Steve Marcus/Las Vegas Sun/Reuters
LAS VEGAS
Real estate developer Donald Trump unleashed a tirade of profanity in a speech at a boisterous Las Vegas casino as he assured a crowd of adoring supporters Thursday night that he is seriously weighing a presidential run and will make a decision soon.
During a 30-minute stump speech focused mostly on foreign affairs, Trump sprinkled in a number of insults directed toward the nation's leaders.
"Our leaders are stupid, they are stupid people," he said. "It's just very, very sad."
The setting was fitting for the casino mogul whose moniker is draped across the gold-tinged TrumpInternational Hotel & Tower just off the Las Vegas Strip.

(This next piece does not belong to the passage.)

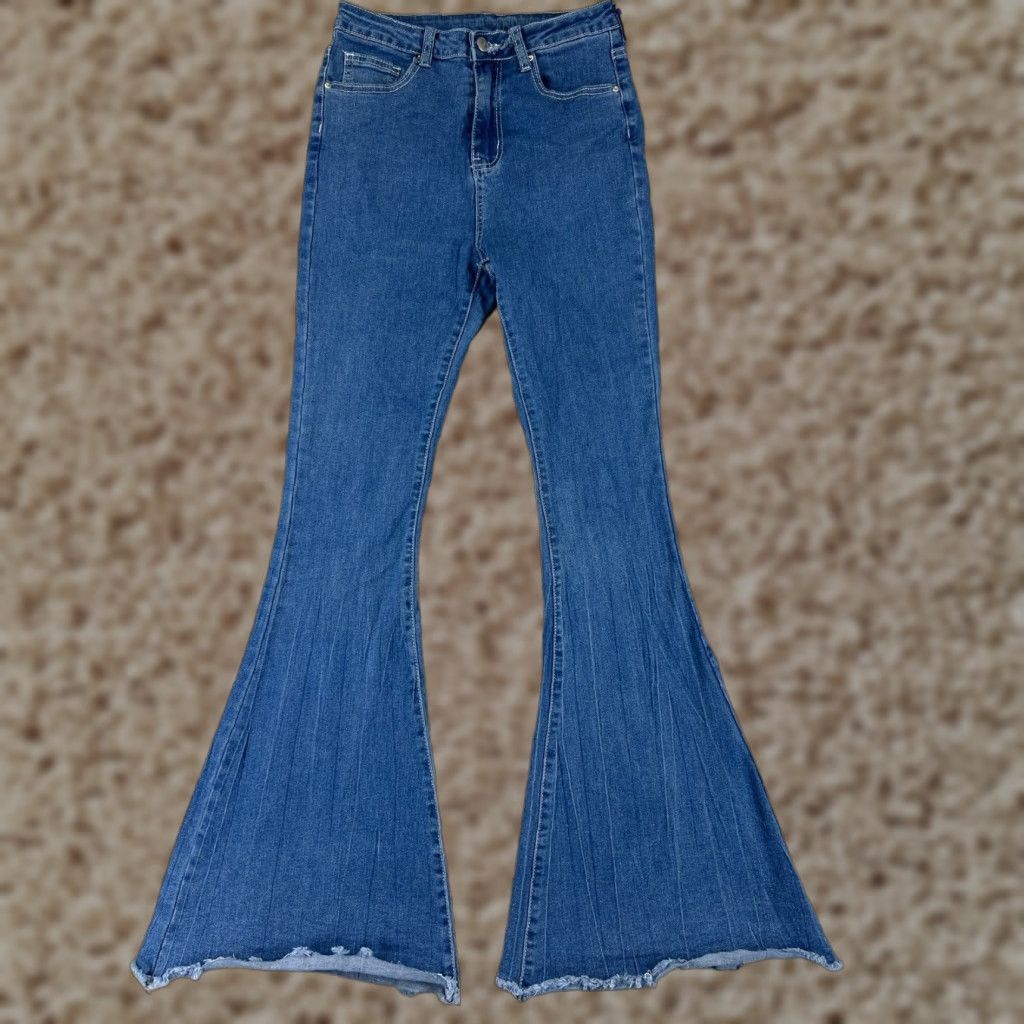 Shein SheIn Jeans Women Flared Denim 24x31 Medium Blue Cotton Blend 5-Pocket Design High Rise Women's Regular Jeans Mode American Western 90s Size 32" / US 10 / IT 46 - 1 Thumbnail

An open bar greeted more than 1,000 people, waiters passed hors d'oeuvres and a Trump impersonator entertained the crowd.
At one point, a woman in the lavish reception at the Treasure Island casino on the Las Vegas Strip yelled out that Trump should run for president.
"I think I am going to make you very happy," the developer said.
But he later said: "There is a really good chance that I won't win because of one of these blood-sucking politicians."
Trump blasted President Barack Obama's handling of Libya, Iraq, China and Afghanistan, and in one of his many curse-bombs, he lamented the nation's focus on building schools in war-torn Afghanistan, while neglecting education in the United States.
He said he wouldn't help struggling nations such as South Korea or Libya without payment and promised to use swear words while negotiating with China.
"I'm not interested in protecting none of them unless they pay," he said.
A frequent critic of the federal health care law passed last year, Trump said the Supreme Court should decide the dozens of lawsuits challenging the legislation and urged district courts not to waste their time on it.
Trump has created waves by questioning whether the president was born in the U.S. Obama produced his detailed Hawaii birth certificate on Wednesday, and Trump eagerly took credit for the reveal.
Trump's visit to Nevada came a day after he traveled to New Hampshire, which is set to host the first presidential primary in 2012. Nevada's caucus is scheduled to be the third presidential contest next year.
Trump hosts the successful reality series "The Celebrity Apprentice" on NBC.
"I would have to give a lot of stuff up," he told the casino crowd Thursday. "But you know what? It is peanuts compared to the importance of this country."